Supplied information.

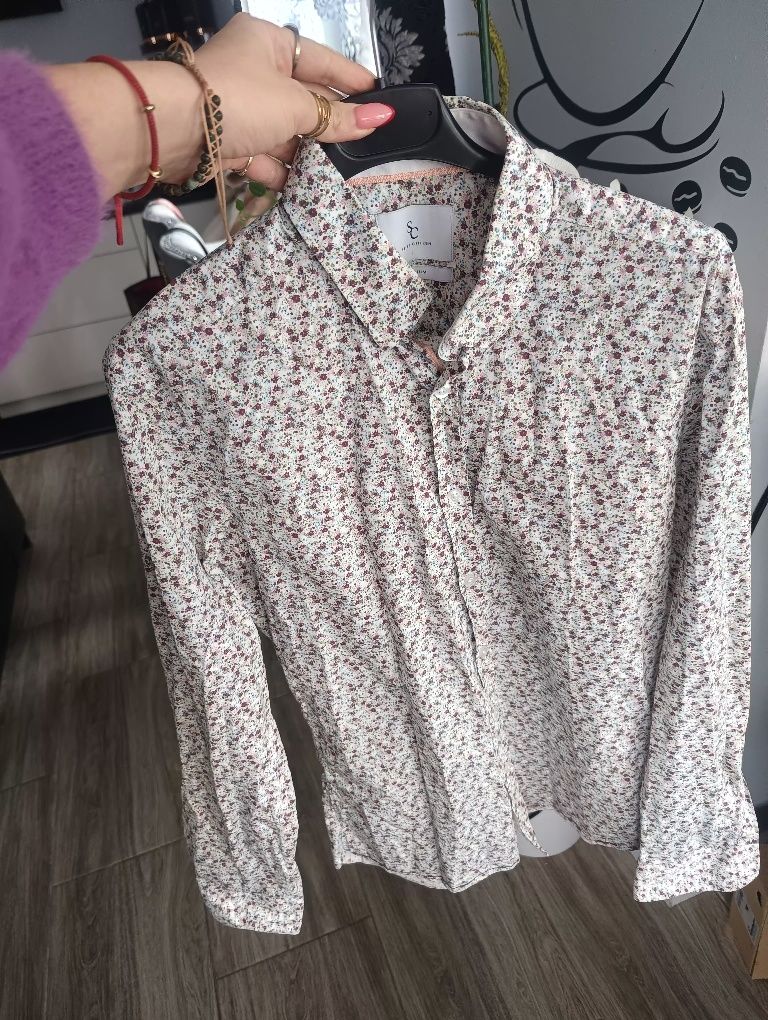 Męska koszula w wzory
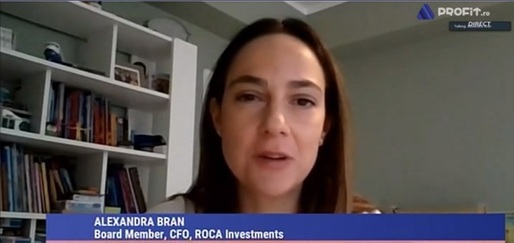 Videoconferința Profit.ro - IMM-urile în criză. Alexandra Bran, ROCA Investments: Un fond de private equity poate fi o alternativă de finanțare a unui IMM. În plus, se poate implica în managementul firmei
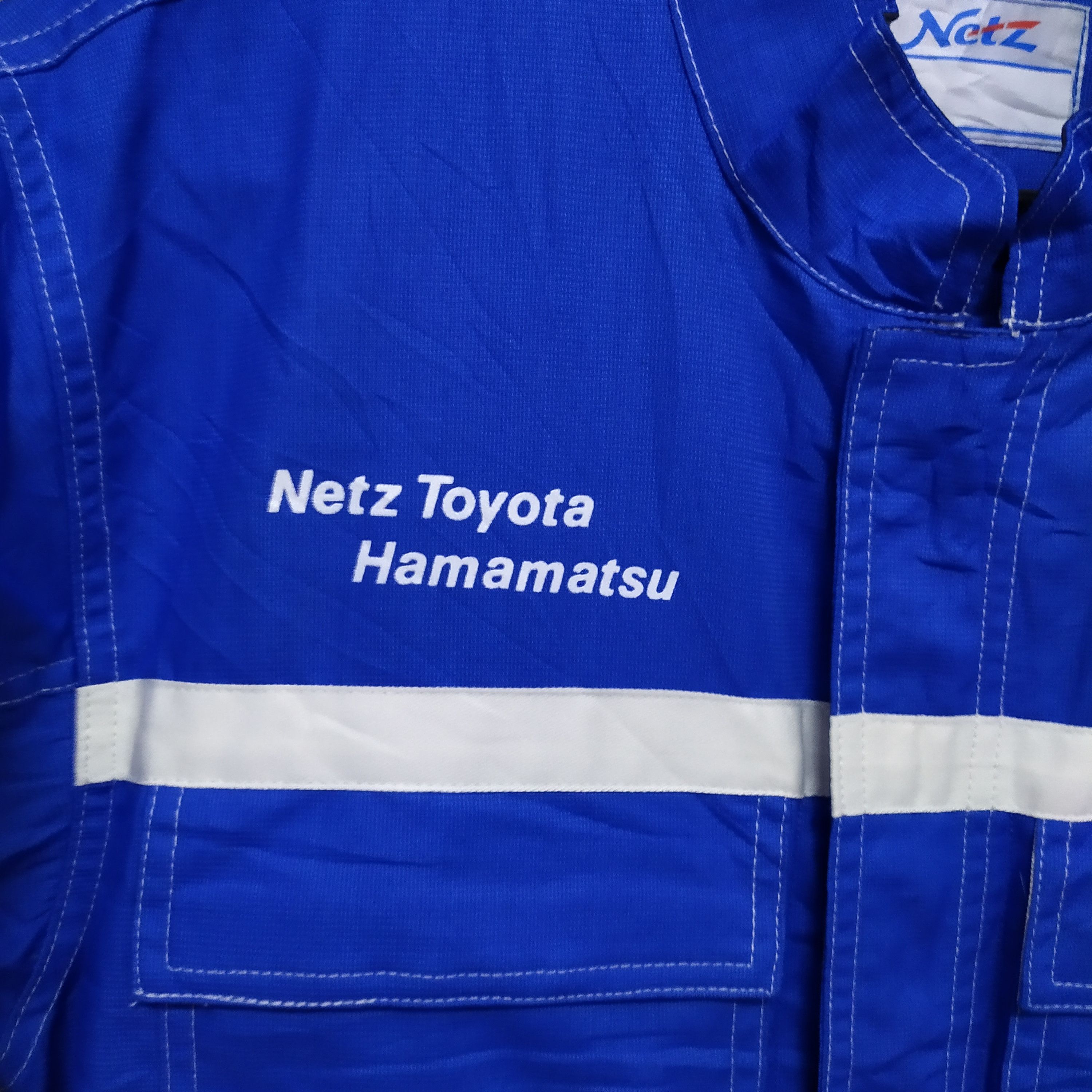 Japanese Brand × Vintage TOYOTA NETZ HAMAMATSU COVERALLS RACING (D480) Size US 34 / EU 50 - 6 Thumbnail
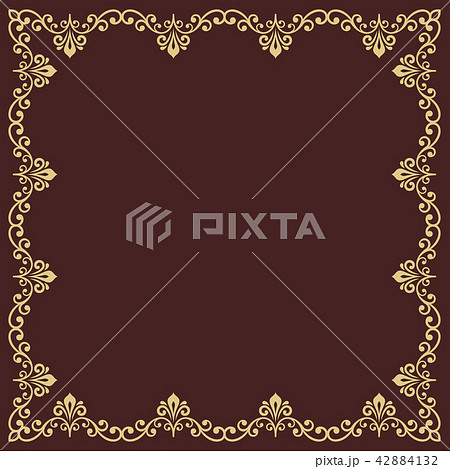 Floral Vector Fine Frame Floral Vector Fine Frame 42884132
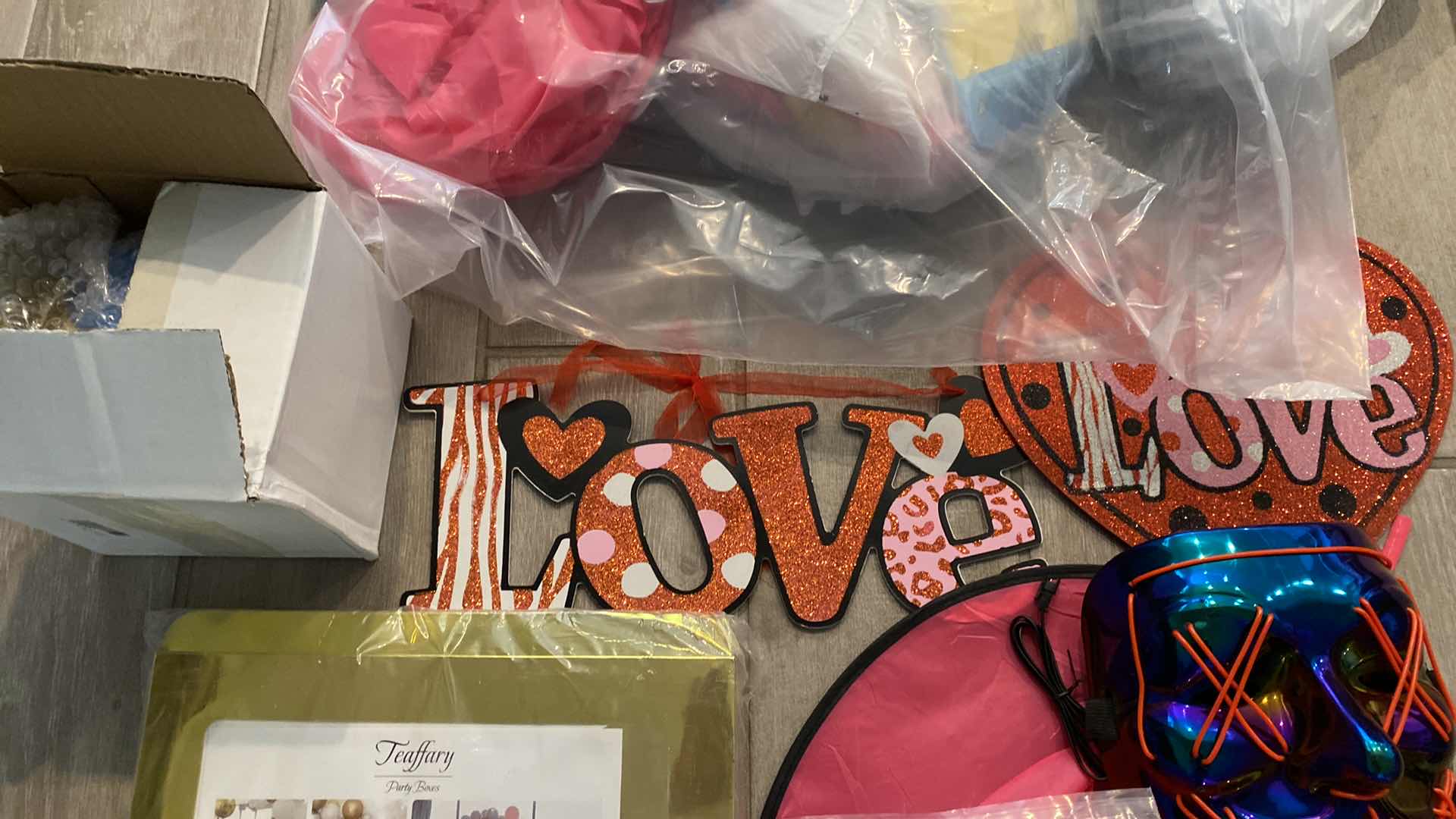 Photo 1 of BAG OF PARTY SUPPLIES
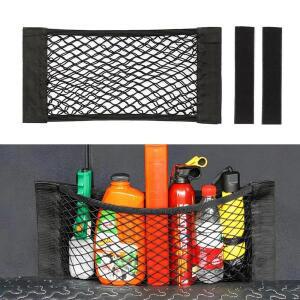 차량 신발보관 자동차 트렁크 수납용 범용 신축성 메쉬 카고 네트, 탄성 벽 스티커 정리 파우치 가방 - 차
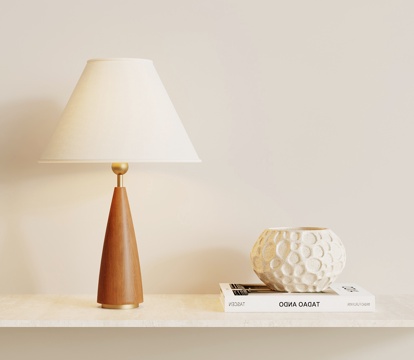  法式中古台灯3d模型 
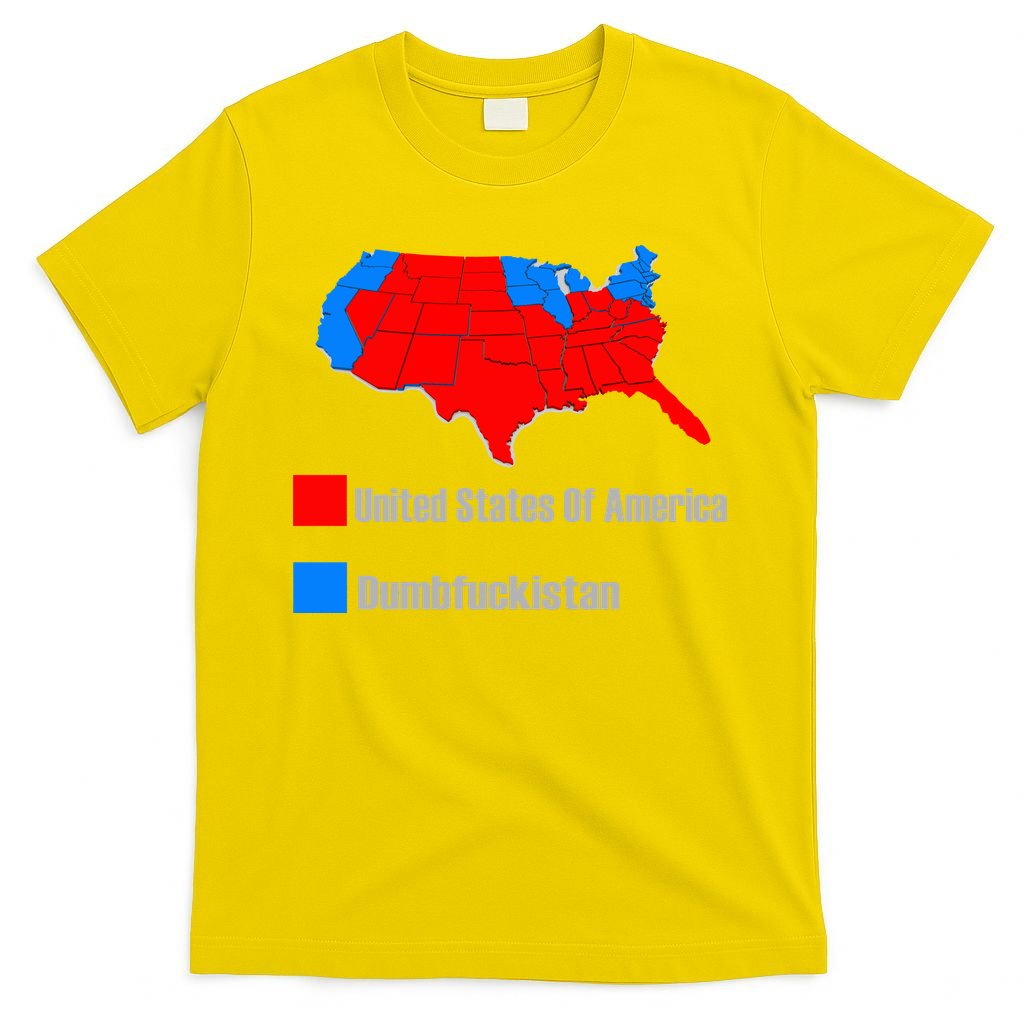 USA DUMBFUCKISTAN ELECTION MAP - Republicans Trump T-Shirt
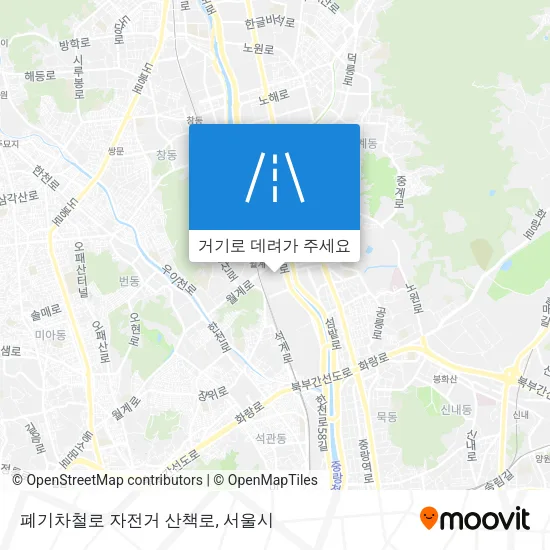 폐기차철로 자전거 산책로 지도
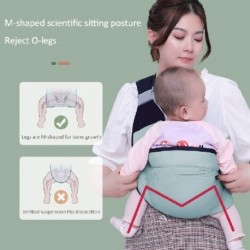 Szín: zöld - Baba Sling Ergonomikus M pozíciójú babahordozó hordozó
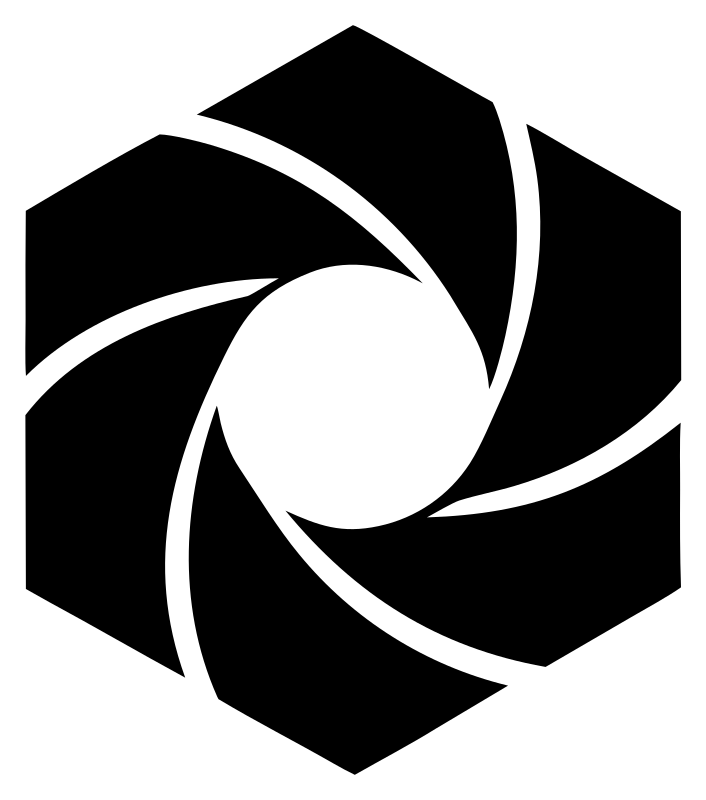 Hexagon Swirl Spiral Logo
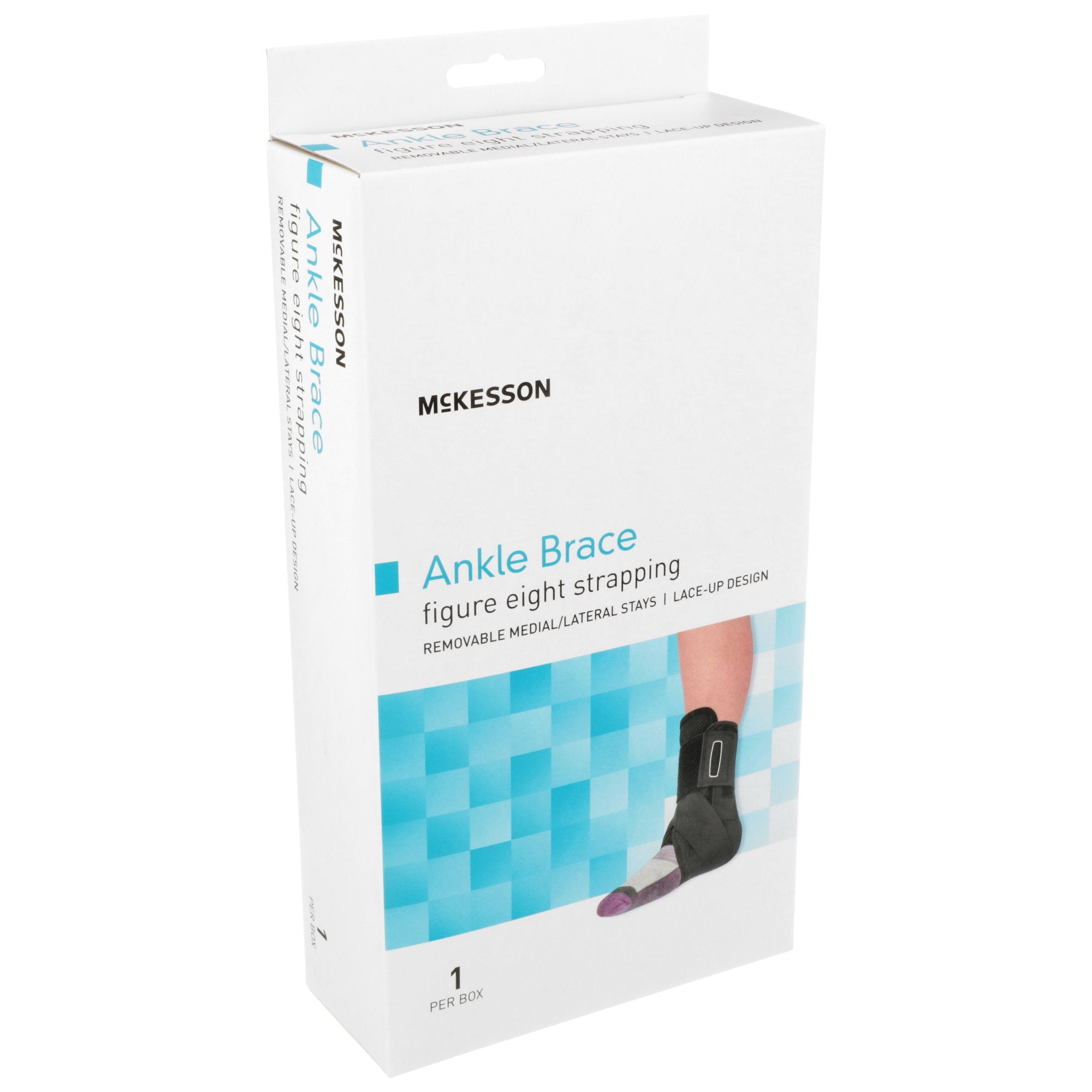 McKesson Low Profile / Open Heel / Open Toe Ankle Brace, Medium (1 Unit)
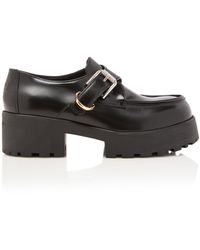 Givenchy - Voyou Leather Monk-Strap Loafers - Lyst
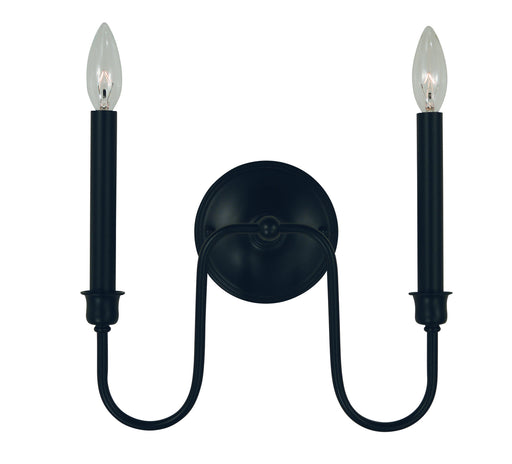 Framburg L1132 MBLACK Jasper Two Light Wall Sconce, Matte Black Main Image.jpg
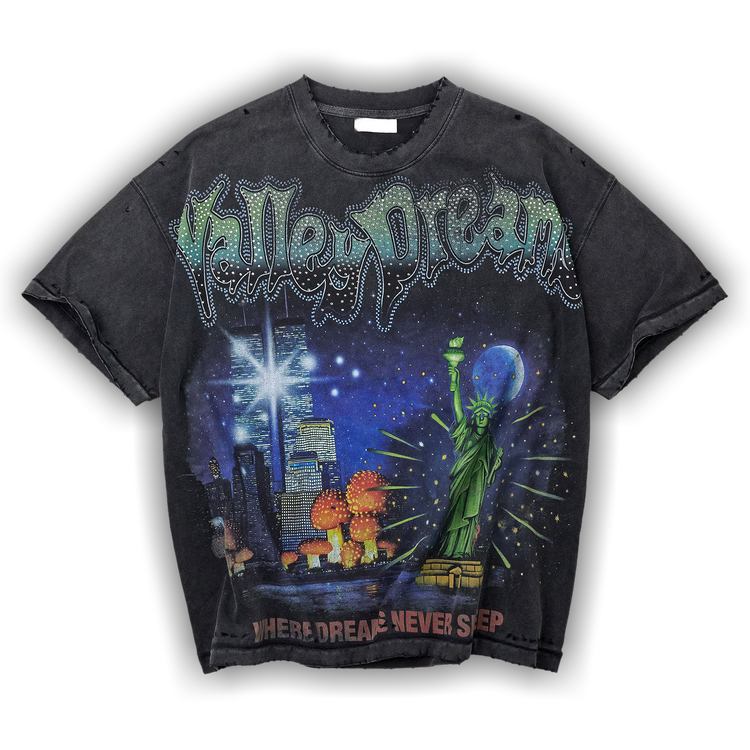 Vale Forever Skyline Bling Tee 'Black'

Aim of the task. If pictures are present, they are dropped, and the entries above are written out word for word.

Solution.
 Męska koszula w wzory
 Videoconferința Profit.ro - IMM-urile în criză. Alexandra Bran, ROCA Investments: Un fond de private equity poate fi o alternativă de finanțare a unui IMM. În plus, se poate implica în managementul firmei
 Japanese Brand × Vintage TOYOTA NETZ HAMAMATSU COVERALLS RACING (D480) Size US 34 / EU 50 - 6 Thumbnail
 Floral Vector Fine Frame Floral Vector Fine Frame 42884132
 Photo 1 of BAG OF PARTY SUPPLIES
 차량 신발보관 자동차 트렁크 수납용 범용 신축성 메쉬 카고 네트, 탄성 벽 스티커 정리 파우치 가방 - 차
  法式中古台灯3d模型 
 USA DUMBFUCKISTAN ELECTION MAP - Republicans Trump T-Shirt
 폐기차철로 자전거 산책로 지도
 Szín: zöld - Baba Sling Ergonomikus M pozíciójú babahordozó hordozó
 Hexagon Swirl Spiral Logo
 McKesson Low Profile / Open Heel / Open Toe Ankle Brace, Medium (1 Unit)
 Givenchy - Voyou Leather Monk-Strap Loafers - Lyst
 Framburg L1132 MBLACK Jasper Two Light Wall Sconce, Matte Black Main Image.jpg
 Vale Forever Skyline Bling Tee 'Black'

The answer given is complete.